→ Your goal
When a picture appears in the listing, leave it out and copy the rest exactly as it stands.

====================

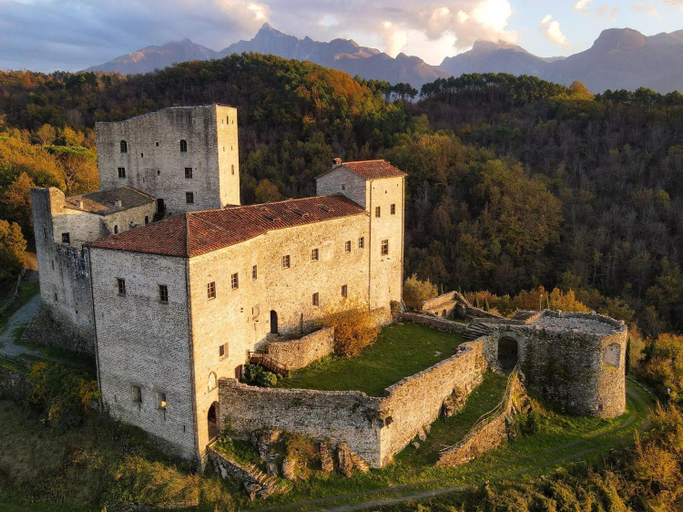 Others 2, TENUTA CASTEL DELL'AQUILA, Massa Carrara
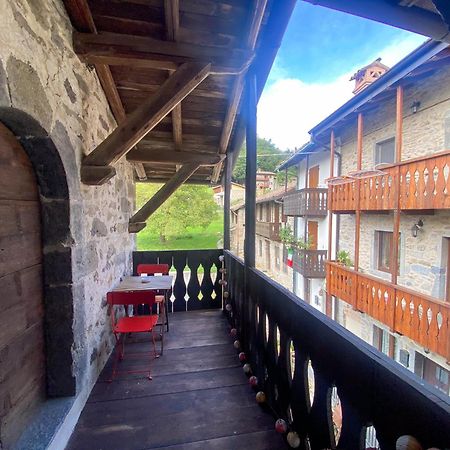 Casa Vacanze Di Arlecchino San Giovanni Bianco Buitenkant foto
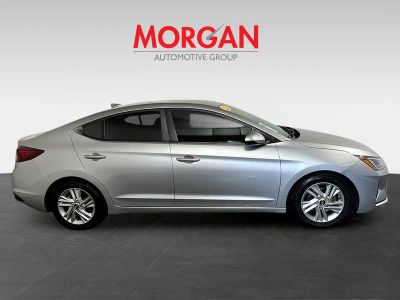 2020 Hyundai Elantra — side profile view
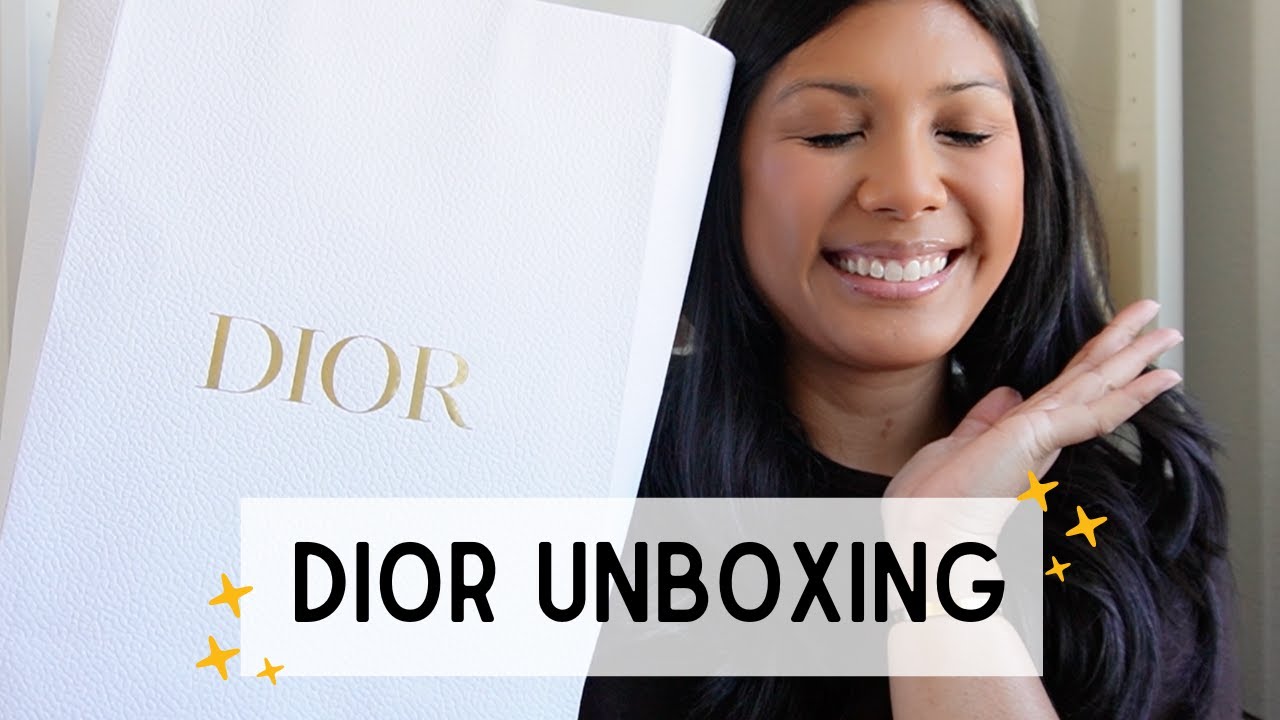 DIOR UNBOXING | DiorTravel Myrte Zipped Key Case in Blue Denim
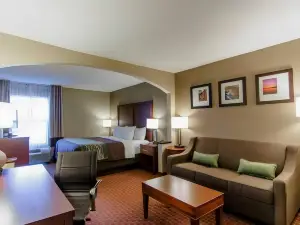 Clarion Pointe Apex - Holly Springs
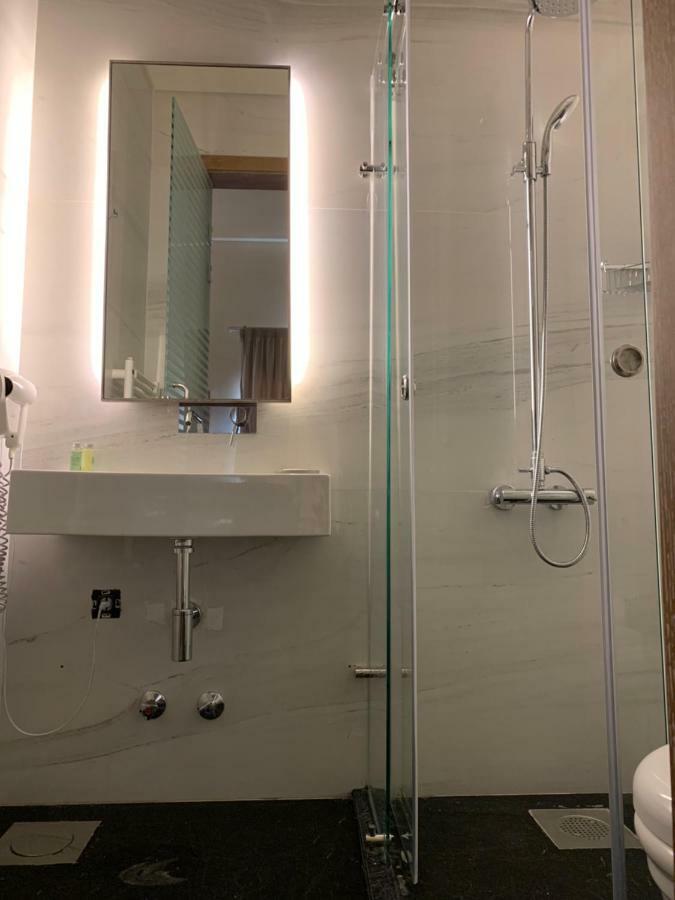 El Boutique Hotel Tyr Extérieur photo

====================

→ Your response
 Others 2, TENUTA CASTEL DELL'AQUILA, Massa Carrara
 Casa Vacanze Di Arlecchino San Giovanni Bianco Buitenkant foto
 2020 Hyundai Elantra — side profile view
 DIOR UNBOXING | DiorTravel Myrte Zipped Key Case in Blue Denim
 Clarion Pointe Apex - Holly Springs
 El Boutique Hotel Tyr Extérieur photo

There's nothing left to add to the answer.